Als Samuel im Jahr 2009 eine Stammhirnblutung erleidet, wird für ihn plötzlich alles anders. Alltagssituationen wie einkaufen lassen sich heute nur noch mit Mühe bewältigen, vieles musste er neu erlernen. Trotzdem wünscht sich Samuel sein altes Leben nicht zurück.

Auf dem Nachhauseweg trifft es Samuel auf einmal wie ein Schlag. Plötzlich verzieht sich Samuels Blickfeld. «Das Tram vor mir war plötzlich viel zu breit und alles war verzogen», erinnert er sich. Zuerst dachte er an Fieber, später wird ihm der Ernst der Lage klar.

Zuerst war ich zuversichtlich, danach ging aber alles bergab.

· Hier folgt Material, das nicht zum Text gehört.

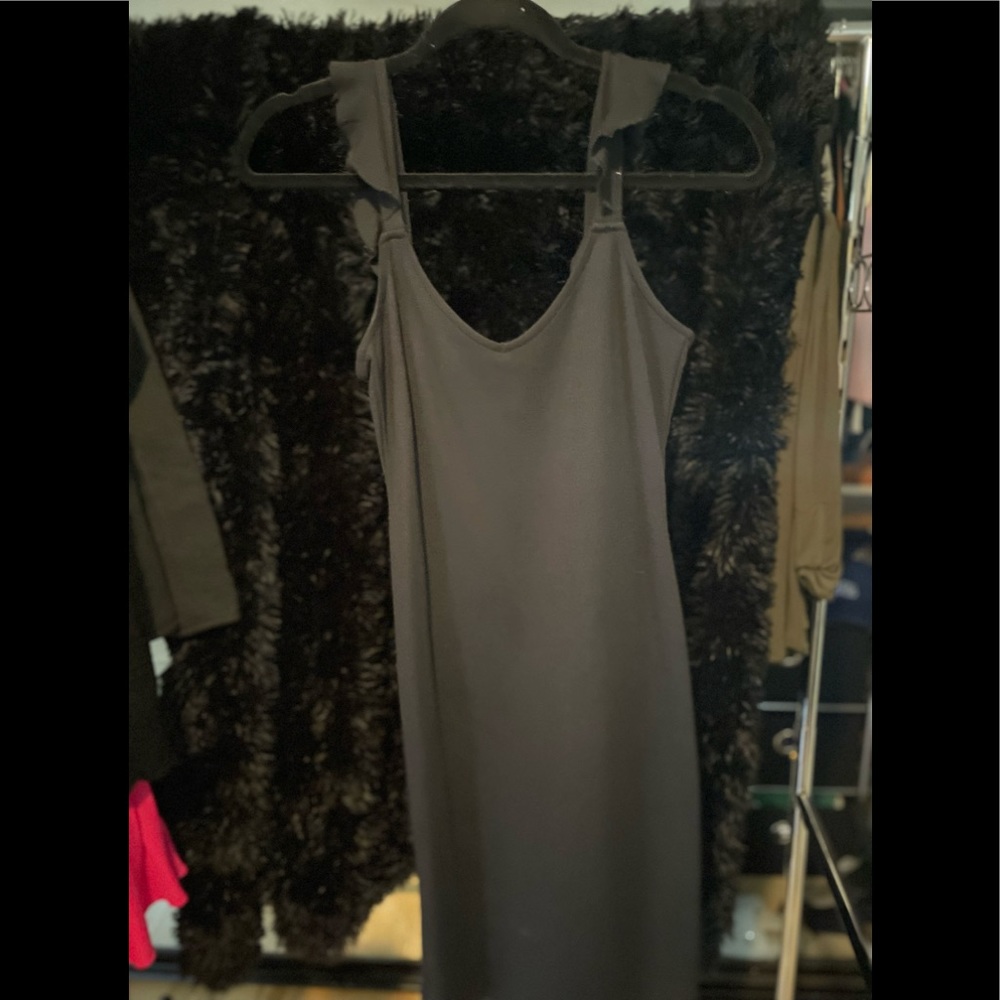 Black ruffle sleeve tank top mid thigh dress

Zufälligerweise besucht Samuels Freundin am selben Abend eine Kollegin, die als Krankenschwester arbeitet und erzählt ihr von Samuels Leiden. Diese fordert sie auf, unverzüglich mit Samuel ins Krankenhaus zu gehen. Samuel wird mitten in der Nacht ins nächste Spital gefahren und sofort einem MRI unterzogen. «Zuerst war ich noch zuversichtlich, aber es ging danach sehr schnell bergab», summiert Samuel. Schnell wird Samuel in ein anderes Spital verlegt welches über modernere Geräte verfügt.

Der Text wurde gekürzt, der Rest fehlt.